An Overview: Roles for the Site Characterization and You in Managing
Resources of the Monterey Bay National Marine Sanctuary
Andrew De Vogelaere
Monterey Bay National Marine Sanctuary
It was two years ago in this very room that a not-so-old sage said, "the mind is an amazing thing, it starts working before you're born and it doesn't stop until you're standing in front of a large group of people." That may be true, but I found that my mind stops at other times as well, and one of those times was when Jo Guerrero and Rikk Kvitek sat down in front of me and said, "Andrew, we want you to synthesize the Site Characterization document at this symposium we're giving, and on top of that, you can synthesize what the earlier speakers are going to be saying. There's going to be a really diverse audience, and you can do it in fifteen minutes." That's when my mind stopped, and it didn't turn back on until I found out that I had said "Yes." It took me quite a while to figure out how to accomplish my task, and I decided this would be a good opportunity to put the community profile into a broad perspective.
What I'm going to try to do today is to give you a little bit of a feel for what is in the Site Characterization document, what you might find, and what I learned as I read through it, with just a few examples. I'm going to try to give some feel for how the Site Characterization fits into the Monterey Sanctuary resource management program, and finally I'm going to try to give some perspective as to what the Site Characterization means to you. I'm assuming that you're either a scientist, an educator, somebody who cares about protecting the environment, or maybe one of our many callers who learned about the symposium from a recent article in Sunset Magazine.
Let us start off with an overview slide. [Figure 1] Once again, I'm going to give a few examples of the kinds of information you can expect to find in the Site Characterization, give a perspective on the level of understanding we have about different habitats, we know a lot more about some than others. I'm going to try and draw on a few themes from earlier today to discuss links between the different sanctuary habitats, and links between the different resource management components. Finally, I will propose how information in the Site Characterization can be used in education, conservation and research, or simply for pleasure. Let's see where you fit in today.

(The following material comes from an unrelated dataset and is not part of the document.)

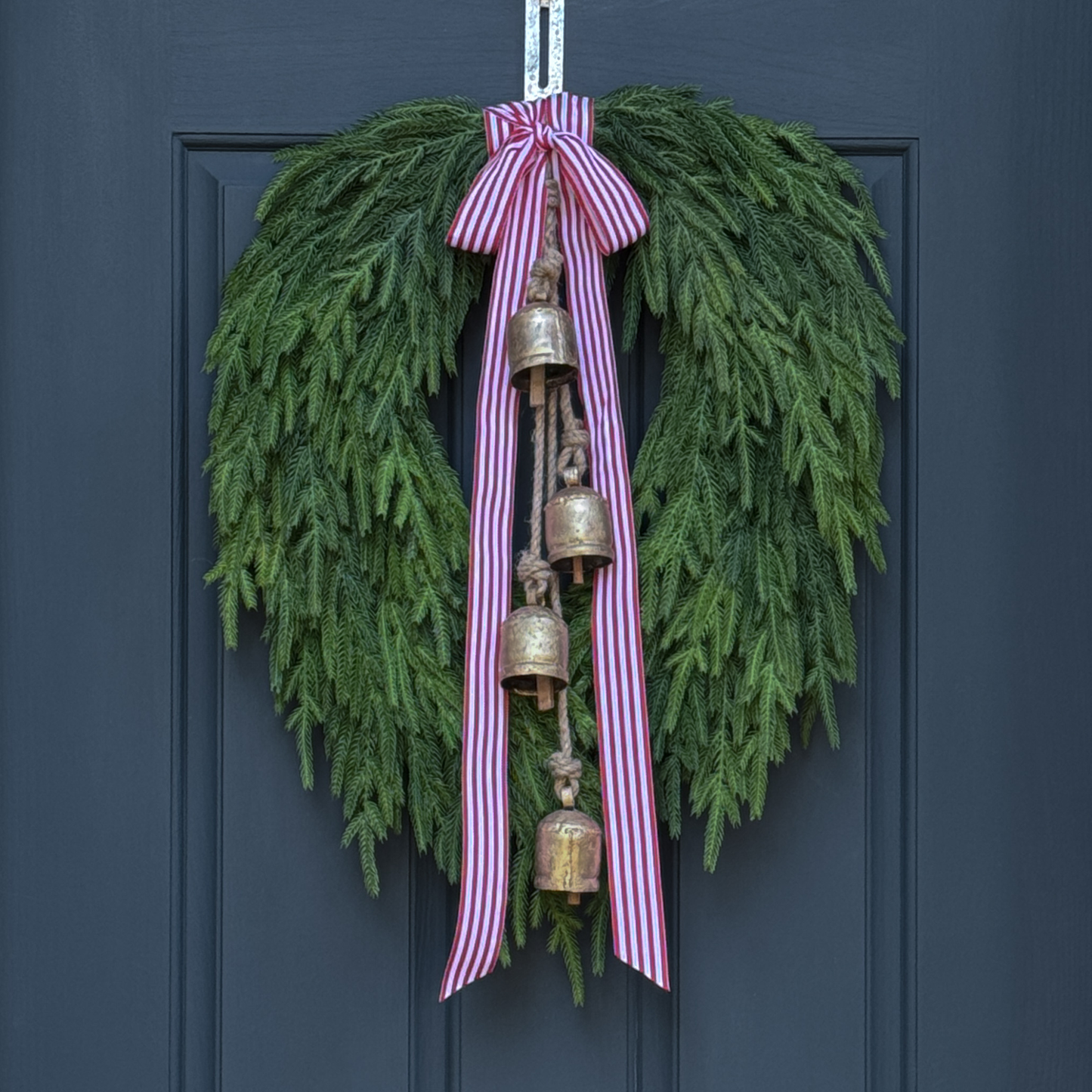 Faux Norfolk Pine Wreath with Bells and Red & White Striped Bow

If you start leafing through the Site Characterization you'll see that in the marine mammal section there's this curious animal that I thought many of you might be interested in hearing a little bit about. It's the elephant seal. What kinds of things do we know about the elephant seal that you could read about in the Site Characterization? Here you can see a male raising his head. [Figure 2] Since we started protecting marine mammals, the population of elephant seals has been exploding. Historically, there were less than 100 elephant seals in the United States, and now we have a lot more: 73,000. So, the populations are expanding, and that is particularly relevant to some of you who may have driven up here from the southern part of our Sanctuary. There is a new colony, that has arrived in the last five years or so, around Point Piedras Blancas. The top counts are about 4,000 individuals in that area. These elephant seal populations are expanding, and it's an opportunity for many of us to view them, and also opportunities for interaction in terms of resource management. Here's another seal who's a little bit dejected, I think. [Figure 3] You can see that somebody has glued a transmitter to the top of his head. What these transmitters are telling us about the elephant seals is that when they are not on our shorelines in the wintertime, they are out swimming in the Pacific, and the males will go as far north as the western tip of the Aleutian Islands. They are traveling tremendous distances. Depth recorders have been attached to other elephant seals, and they can dive down to almost 5,000 feet. They even sleep under water. These are interesting creatures, and there are a lot of other fascinating facts for you to read about in the Site Characterization. The transmitters fall off when the elephant seals molt, so you don't have to worry about a permanent inconvenience to these "volunteers."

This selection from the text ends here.